Over the past couple of days, particularly on the Twitter, it seems that it's been a favorite pastime to attempt to downplay the progress made by the Minnesota Vikings in the 2014 season. I'm pretty sure the kids today refer to this as "throwing shade," but not being all that cool or hip, I'm not entirely sure.
I mean, perhaps it's just my bias showing through, but I really don't see any way that anyone can't be just incredibly optimistic about where this team is at right now, given the events of the 2014 Vikings' season. Over at Kick Ass Blog, Pacifist Viking. . .who has long been one of my favorite writers on the topic of the Vikings. . .pretty accurately summed it up.
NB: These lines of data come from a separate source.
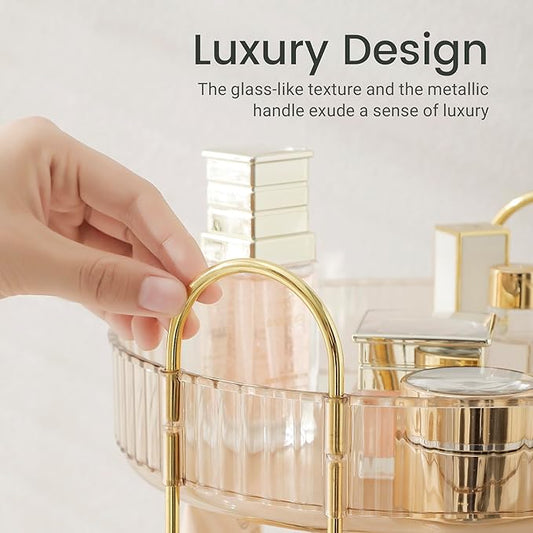Aveniee Rotating Makeup Organizer for Vanity, 3 Tier Perfume Skincare Organizers and Storage for Bathroom Countertop, Clear Spinning Counter Shelf Cosmetic Holder for Dresser,Gold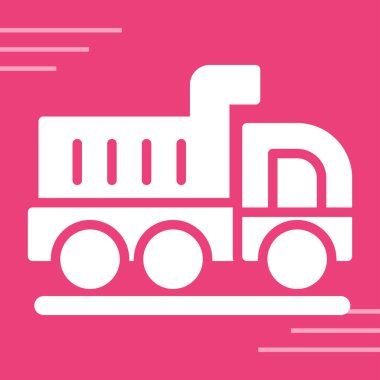 Kamyon web simgesini boşalt, vektör illüstrasyonu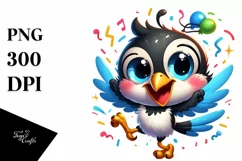 a Cute Colorful Baby Crow Dancing | Clipart Product Image 3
During a Week 17 game that is even more boring than it is pointless, it is easy to reflect on what a long season it has been. When your fingers are cracking because of the cold, it's worth remembering the sunny Week 1 Sunday you spent inside watching football. In that game, Matt Cassel was the Vikes' starting QB, Adrian Peterson was the starting RB, and the player who made the most exciting play of the game was Cordarrelle Patterson. And it's been nearly that long since any of those three really mattered to the Vikings' on-field performance. Basically, the Viking offense of Week 17 had nothing to do with the Viking offense of Week 1.
Think about that for a moment. If someone had come up to you before the season and told you that all of the following things would happen. . .
-Adrian Peterson would finish sixth on the team in rushing yardage for the season behind Matt Asiata, Jerick McKinnon, Teddy Bridgewater, Cordarrelle Patterson, and Joe Banyard (and just four yards ahead of Jarius Wright)
-The team would lose Matt Cassel and Brandon Fusco for the season in Week 3
-Kyle Rudolph would play in only seven of the team's 16 games
-The offensive line would also, eventually, lose Phil Loadholt for the season
-Matt Kalil would spend most of the season looking more like a turnstile than a cornerstone of the offensive line
-Cordarrelle Patterson wouldn't have a kick return touchdown all season, and would finish fourth on the team in receiving yards behind Greg Jennings, Wright, and a guy the team signed off of Cleveland's practice squad in Week 3 (Charles Johnson), not to mention having the same number of receiving touchdowns as Asiata, Chase Ford, Adam Thielen, and Rhett Ellison
. . .would you have put this team on a 7-9 finish?
I damn sure wouldn't have put this team on a 7-9 record after all that. Before the season started, I did a radio interview with a station in Fargo, and they asked me what my prediction for their final record was. I told them that if everything bounced right, I thought this team could finish .500. And even then they thought I was crazy. And now, in a season where nothing bounced right, this team had a realistic shot at .500 and, with a couple of bounces, could have been in the neighborhood of 10-6.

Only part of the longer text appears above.